#### [What you are asked to do]
Type out all the records word for word. Any pictures are to be left out.

Segment Start: Data for this task

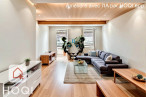 vente Appartement Le Muy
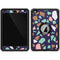 Midnight Terrazzo Otterbox Defender iPad Skin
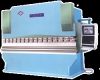 bending machine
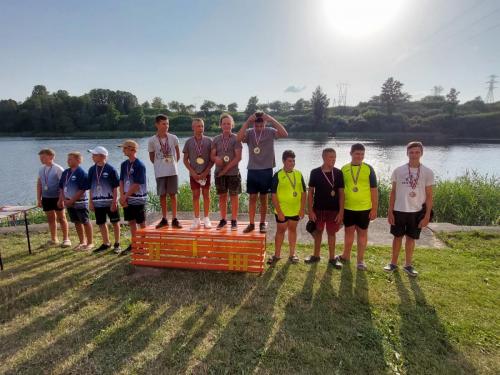 whatsapp image 2021-07-17 at 10.45.16 1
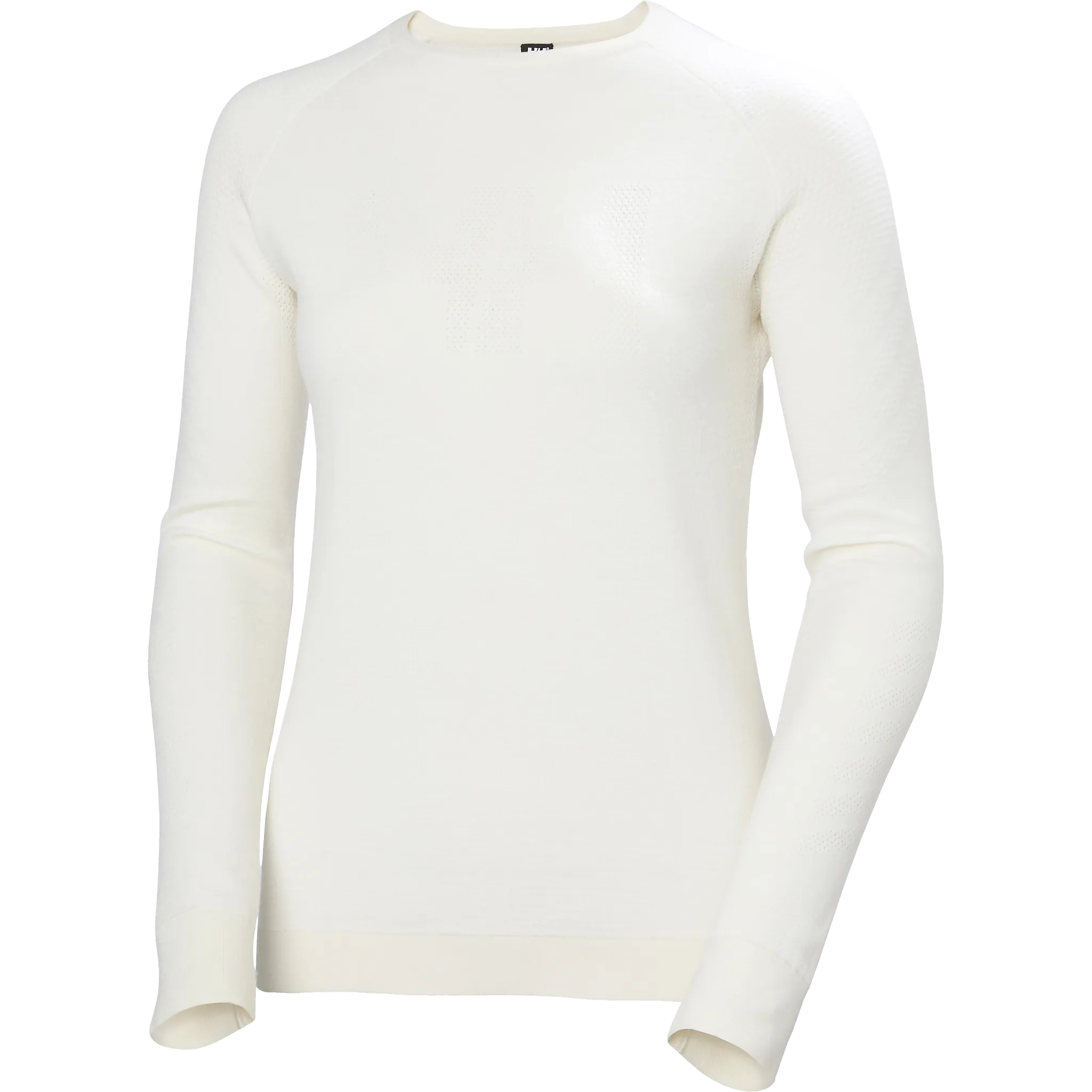 Lifa Merino Knitevo Crew
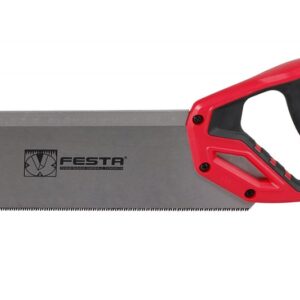 Tenon sav 300mm FESTA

Segment End: Data for this task

#### [Completed exercise]
 vente Appartement Le Muy
 Midnight Terrazzo Otterbox Defender iPad Skin
 bending machine
 whatsapp image 2021-07-17 at 10.45.16 1
 Lifa Merino Knitevo Crew
 Tenon sav 300mm FESTA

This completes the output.